Versichert, bis das Wasser kommt

Viele erinnern sich noch: Im Herbst 2023 trat nach einer heftigen stürmischen Wetterlage die Ostsee über die Ufer, setzte Gebäude unter Wasser, zerstörte das Mobiliar und auch so manchen Camper. Die Betroffenen dieses Ostseehochwassers erhielten trotz bestehender Elementarversicherung keine Entschädigung. Gemeinsam mit den Verbraucherzentralen aus dem Norden prüfen wir daher eine Sammelklage gegen Versicherer – um den Geschädigten zu ihrem Recht zu verhelfen.
Uns erreichen viele Nachfragen: Was genau wollen wir erreichen? Es geht uns um zwei Punkte.
Juristisch streiten wir um Folgendes: Die Versicherer lehnten eine Schadenregulierung mit Verweis auf die Risikoausschlussklausel ab: „Nicht versichert sind Schäden durch: Sturmflut.“ Das soll offenbar selbst für Versicherte mit Grundstücken über 30 km von der Ostsee entfernt gelten – etwa in Schleswig.
Gerichte sehen das differenzierter: Von einer Sturmflut könne laut dem Österreichischen Obergerichtshof nur bei einer „typischerweise gezeitengesteuerte(n) und windverstärkten(n) Hochwassererscheinung“ gesprochen werden - im konkreten Fall versuchte ein Versicherer, eine Sturmflut auf dem Wolfgangsee (?!) zu verorten (OGH, Urteil vom 29.3.2006 – 7 Ob 69/06g). Auch das Kammergericht Berlin entschied ähnlich zu einem Vorfall am Fluss Warnow (Urteil vom 26.7.2019 – 6 U 139/18). Vor diesem Hintergrund dürfte die Klausel für Durchschnittsversicherte nicht verständlich genug sein und damit gegen das Transparenzgebot verstoßen. Jedenfalls greift die Unklarheitenregel zulasten des Verwenders (§307 Absatz 1 Satz 1, 2 BGB sowie §305c Absatz 2 BGB).
Ein Blick in die juristischen Kommentierungen zeigt, dass das keine Einzelmeinung ist. Das wollen wir nun gerichtlich klären.

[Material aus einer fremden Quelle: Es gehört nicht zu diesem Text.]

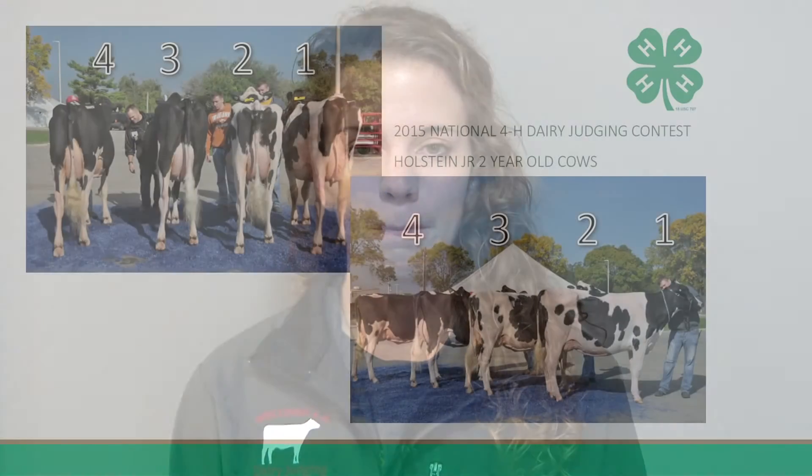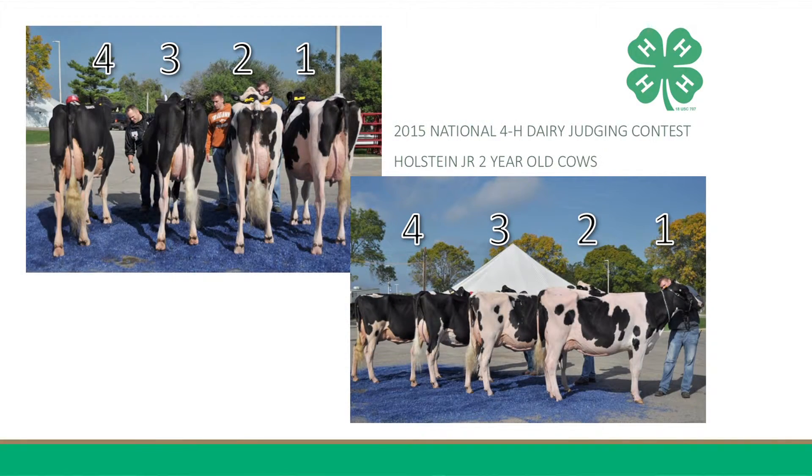I will be giving my set of reasons on the Holstein junior two-year-olds. I placed this class of Holstein junior two-year-olds two, three, four, one.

Zum Zweiten geht es um einen Klassiker: Wie fair behandeln Versicherer ihre Kundinnen und Kunden - und wie viel gesellschaftliche Verantwortung übernehmen sie? Die Versicherungswirtschaft mit ihrem Lobbyverband GDV an der Spitze stellt sich in der Debatte um eine Pflichtversicherung bei Naturkatastrophen gegen eine weitreichende staatliche Lösung.

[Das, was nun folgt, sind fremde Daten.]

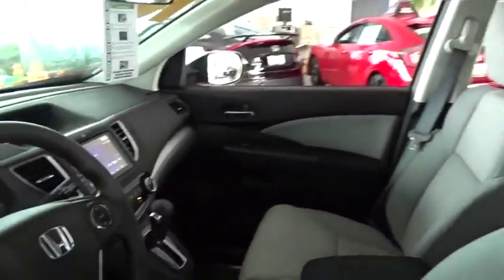This vehicle has less than 25,000 miles. Here are some of this vehicle's great options.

Ihr zentrales Argument: Jedermann könne sich freiwillig mit einer Elementarversicherung schützen. Dass die Versicherer damit nicht die potenziell apokalyptische Zerstörungskraft der Nordseefluten meinen, kann man sich noch denken. Aber jetzt sollen die Versicherten an der Ostsee erkennen, dass das auch für sie nicht gilt. Was ist der Unterschied zu den jüngsten Sturzfluten und Überschwemmungen im Südwesten und Süden Deutschlands?
Dass ihr bedingungsmäßiger „Hochwasserschutz“ so durchlässig ist wie die alten Deiche vom Schimmelreiter Hauke Haien, haben einige Versicherer offenbar mittlerweile erkannt und die Sturmflutklauseln ergänzt. Jetzt gilt: Nicht versichert sind „Schäden durch Überschwemmung des Versicherungsgrundstückes durch Ausuferung von Nord- oder Ostsee“ – ergänzt um „oder Elbe“. Grüße gehen raus an die Bewohnerinnen und Bewohner, Betriebe und kommunalen Unternehmungen in Dresden, Magdeburg oder Wittenberg.

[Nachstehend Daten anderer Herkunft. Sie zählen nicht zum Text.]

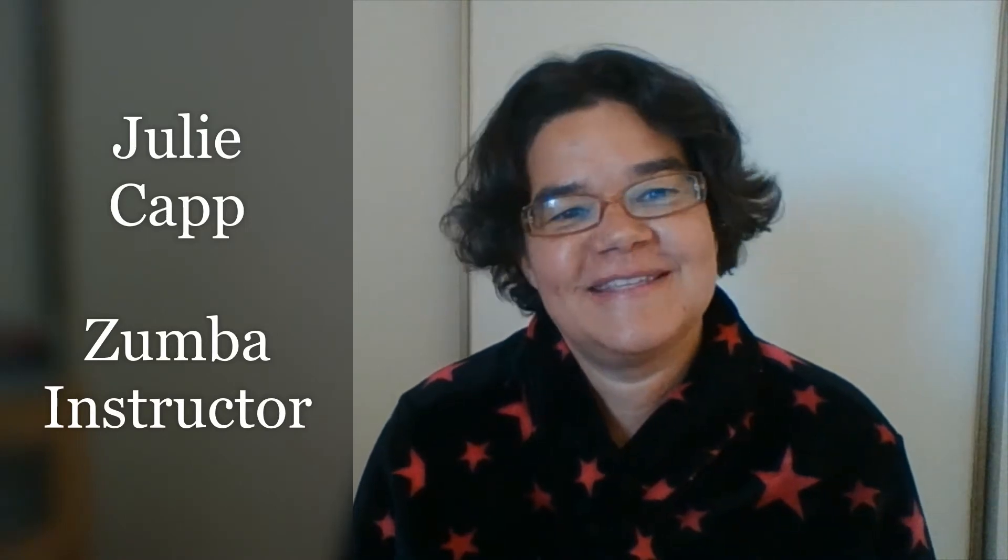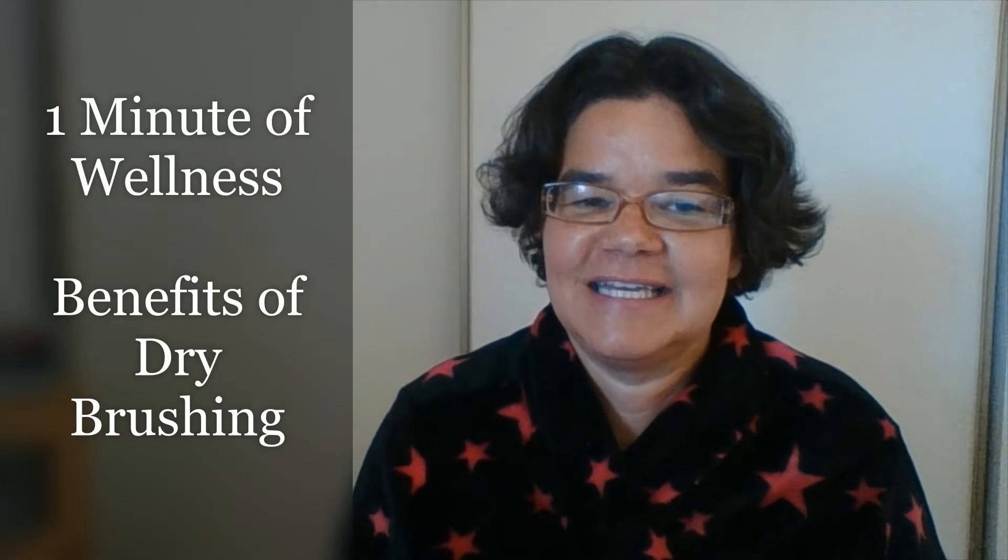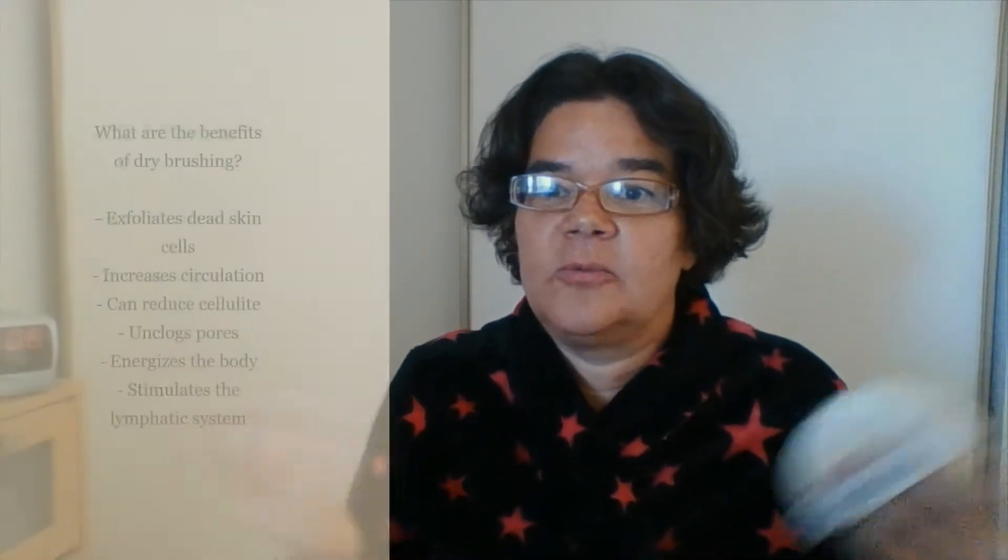I'm Julie. Are you missing your massage or other spa service during this time when salons are closed? I sure am, but I've been keeping up with my dry brushing at home. It's no replacement for a massage, but it is good for the skin and invigorating for the body. What is dry brushing, you ask?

Das sollte auch Maklern und den versicherungsnehmenden Wirtschaftsunternehmen zu denken geben, die eine verpflichtende Lösung ablehnen. Denn es zeigt, wohin die Reise in Sachen Klimafolgenanpassung aus Sicht dieser Versicherer geht: Rette sich, wer kann. Und das müssen wir politisch klären.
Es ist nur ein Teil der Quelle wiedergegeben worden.